No. It has a 'block' type which defines a fixed-length memory block. So your struct ST type below I think would be represented as the type 'mem:824', as it is 824 bytes.
(This works fine for WinABI. But for SYS V ABI, that has a much more complex set of rules where struct passing may depend on the types of the members. They may be split up amongst different registers.
I'm not too worried about that however; it will only apply to structs passed by value across an FFI, and most external libraries don't pass by-value structs. There will also be workarounds.)
The QBE IL has aggregates types. I think this removes the front end calculate the the offsets.
>
https://c9x.me/compile/doc/il.html#Aggregate-Types
>
>
>
>
I tried this sample with clang and -S -emit-llvm to see if it generates structs. The answer is yes.
https://llvm.org/docs/LangRef.html#getelementptr-instruction
struct RT {
char A;
int B[10][20];
char C;
};
struct ST {
int X;
double Y;
struct RT Z;
};
int *foo(struct ST *s) {
return &s[1].Z.B[5][13];
}
The LLVM code generated by Clang is approximately:
%struct.RT = type { i8, [10 x [20 x i32]], i8 }
%struct.ST = type { i32, double, %struct.RT }
define ptr @foo(ptr %s) {
entry:
%arrayidx = getelementptr inbounds %struct.ST, ptr %s, i64 1, i32 2, i32 1, i64 5, i64 13
ret ptr %arrayidx
}
This example is misleading.

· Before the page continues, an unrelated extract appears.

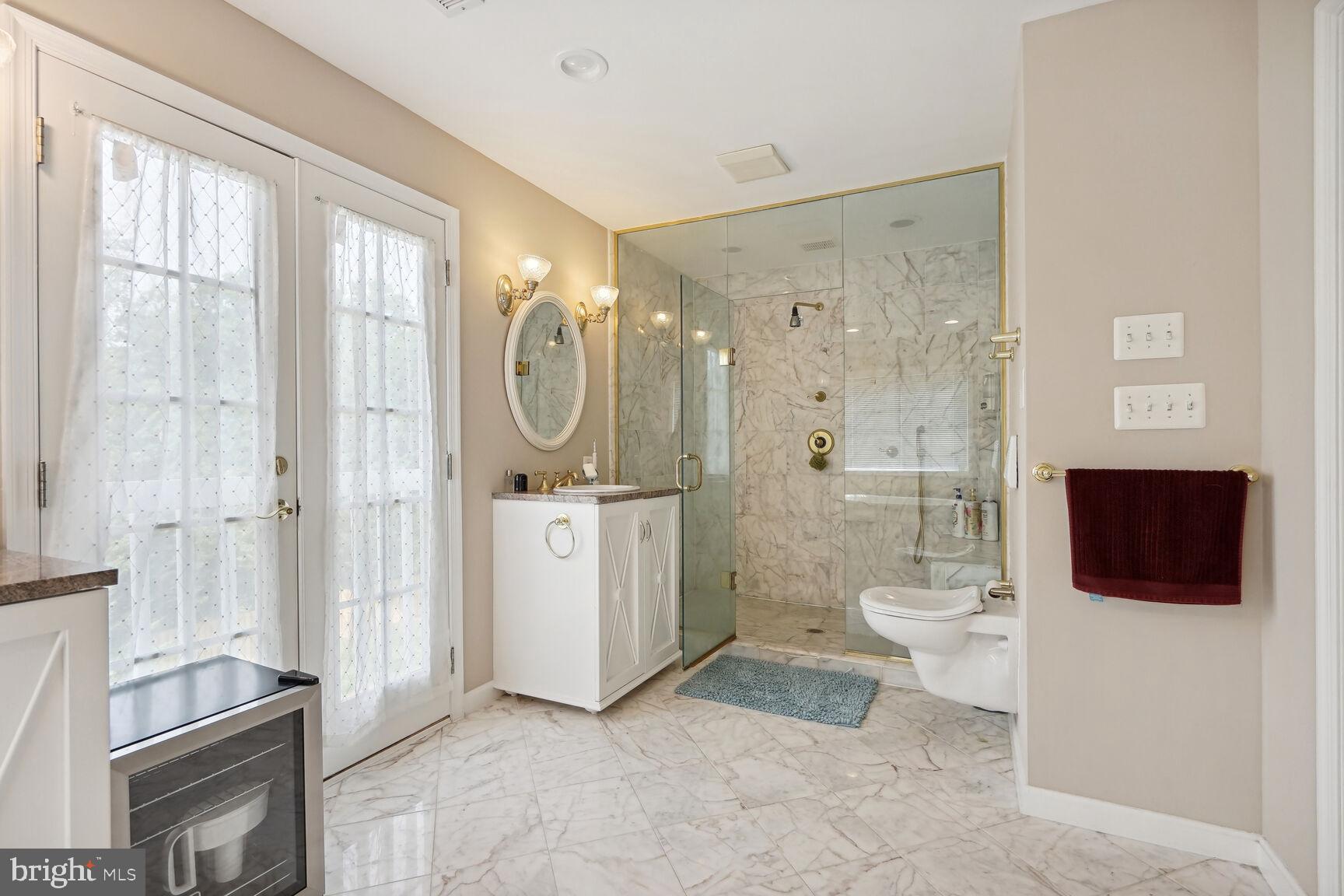 HOLLY KNOLL - Residential Lease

That's the output from using -O3. Unoptimised LLVM output is this:
---------------------------------
define dso_local ptr @foo(ptr noundef %0) #0 !dbg !10 {
%2 = alloca ptr, align 8
store ptr %0, ptr %2, align 8
#dbg_declare(ptr %2, !34, !DIExpression(), !35)
%3 = load ptr, ptr %2, align 8, !dbg !36
%4 = getelementptr inbounds %struct.ST, ptr %3, i64 1, !dbg !36
%5 = getelementptr inbounds nuw %struct.ST, ptr %4, i32 0, i32 2, !dbg !37
%6 = getelementptr inbounds nuw %struct.RT, ptr %5, i32 0, i32 1, !dbg !38
%7 = getelementptr inbounds [10 x [20 x i32]], ptr %6, i64 0, i64 5, !dbg !36
%8 = getelementptr inbounds [20 x i32], ptr %7, i64 0, i64 13, !dbg !36
ret ptr %8, !dbg !39
}
---------------------------------
If you are writing the IR code, then it will be up to you to combine that chain of constant offsets into a single offset. Othewise it will still be you needing to do so the other side of the IR!
(I don't know if the reduction above is done pre-LLVM or by LLVM.
In my IL, it will generate multiple instructions, and there will be a reduction pass, to combine instructions where possible. That's a WIP, but such examples like yours are incredibly rare in my code-base, while the speed-up achieved is likely to be minor. Modern CPUs are good at running poor code fast. Mostly this just makes code more compact.
My IL for your example (I translated to my language) starts off as this:
---------------------
proc t.foo:
param u64 s
rettype u64
load u64 s
load i64 1
addpx mem:824 /824/-824 # /scale factor /extra byte offset
load i64 20
addpx u64 /1
load i64 5
addpx mem:80 /80
load i64 13
addpx i32 /4
jumpret u64 #1
#1:
retfn u64
endproc
---------------------
The reductions could also be applied during codegen to native code. But as it is, no reductions are done, and the body of the function generates this x64 code:
mov rax, [rbp + `t.foo.s] # or mov rax, rcx with reg allocator
lea rax, [rax+20]
lea rax, [rax+400]
lea rax, [rax+52]
Here the reduction could also be done with a peephole optimiser to combined the three LEAs into one instruction. With 's' in a register, probably the optimum code here would be one LEA instruction.